Beware the “distribution” myth. When it comes to content like research, distribution – or readership – is important. You can have a great piece of research, but it’s not going to be effectual if no one reads it. That said, some independent research firms espouse dramatic distribution statistics for their research that are certainly challenging to verify. So, when you’re considering a paid research firm, reach out directly to the audience that matters most – smart, experienced investors. Ask them one question, and listen carefully to the answer: “If you received an analyst report from [analyst name] from [research firm] about a company like ours, would you take the time to read it?” If a meaningful sample of seasoned investors respond “no,” then query whether it matters how many of them are on the mailing list.
From an investor: “When I own a name that is not widely followed, I am interested in any research coverage of that company, whether paid-for or sell-side, as I’m eager to learn more. On the other hand, outside of sell-side coverage from a larger investment bank or a specialized firm with recognized industry experts, I tend to lump the majority of coverage into one bucket. It’s fairly clear to investors when research was written simply to check a box. Anyone can cut/paste text and data from a company’s website into a Word document and hit ‘send.’ Research reports require actual analysis for them to be worth reading. And to make the research really actionable, it needs to come from someone who is willing to ask hard questions about the company, which is why most investors tend to get their research from… other investors.”
Track record. When in doubt in the capital markets, be a student of precedent more than a consumer of marketing. Randomly select four or five initiation reports from the research firm under consideration that date back a couple of years ago. Compare what’s written in those research reports to what’s transpired since they were published. There is no such thing as an analyst who always gets it right, but there is such a thing as an analyst who rarely gets it right.
Lots of sell-side equity research is, of course, “paid” with investment banking fees. And there are certainly conflicts of interest in that ecosystem as well. Accordingly, some point out that it’s a bit naïve to think independent, issuer-paid research is that much different than investment bank research.
It’s also naïve, though, to ignore the reputational issues associated with some small-cap independent research firms, and the regard in which some of it is held by seasoned investors.
Under the right circumstances, paid research can not only achieve the goals set forth above, but it also broadens the availability of content regarding underfollowed small-cap companies.

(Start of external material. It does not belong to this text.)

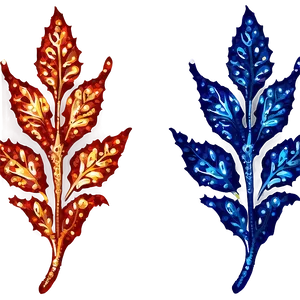 Glitter Leaves PNG 05042024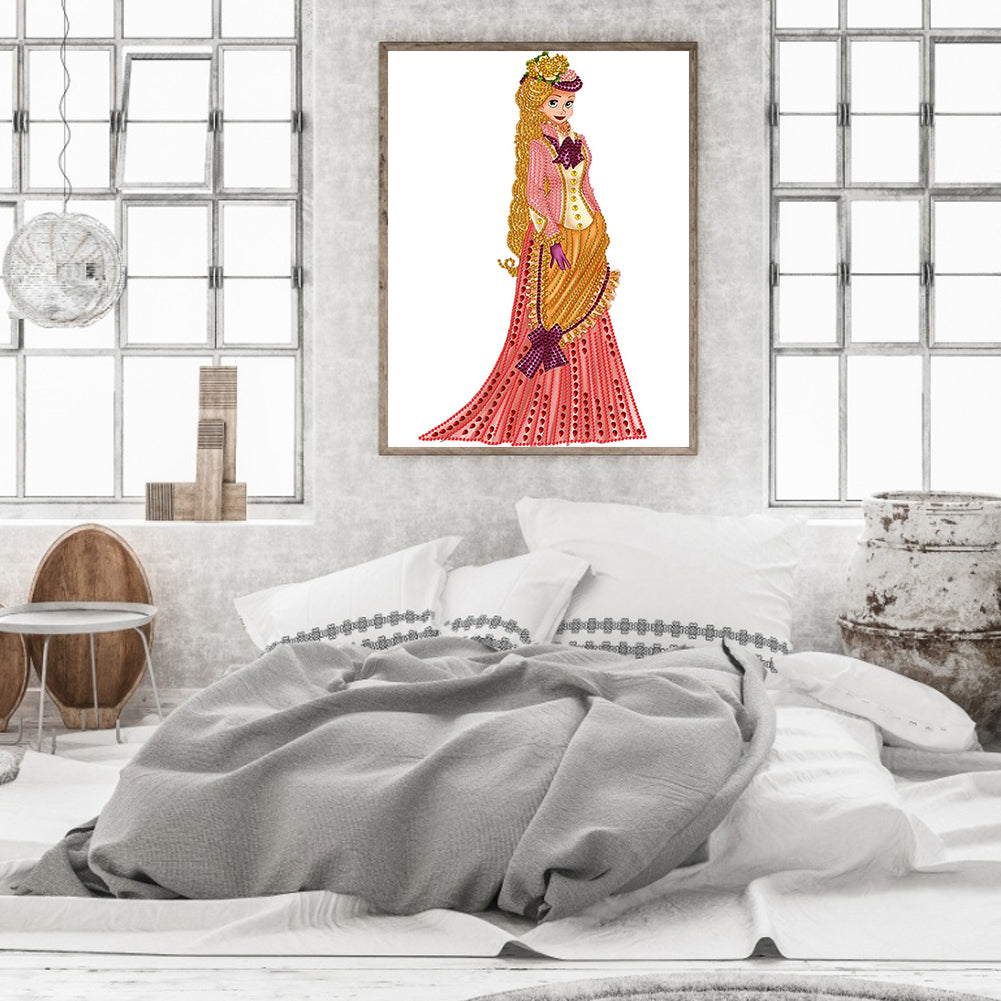 Elegant Lady - Special Shaped Drill Diamond Painting 30*40CM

But you need to ask research firms and investors hard questions, listen carefully to the answers, and adjust your expectations accordingly.
[i] Several factors have led to the decrease of sell-side research coverage in small-cap companies. They include, but are not limited to: (1) the decimalization of stock prices; (2) a consolidation of small-cap broker dealers; and (3) the revised Markets in Financial Instruments Directive (also called “MiFID II”). Small-Cap Institute, Inc. will cover these subjects in greater detail in future articles.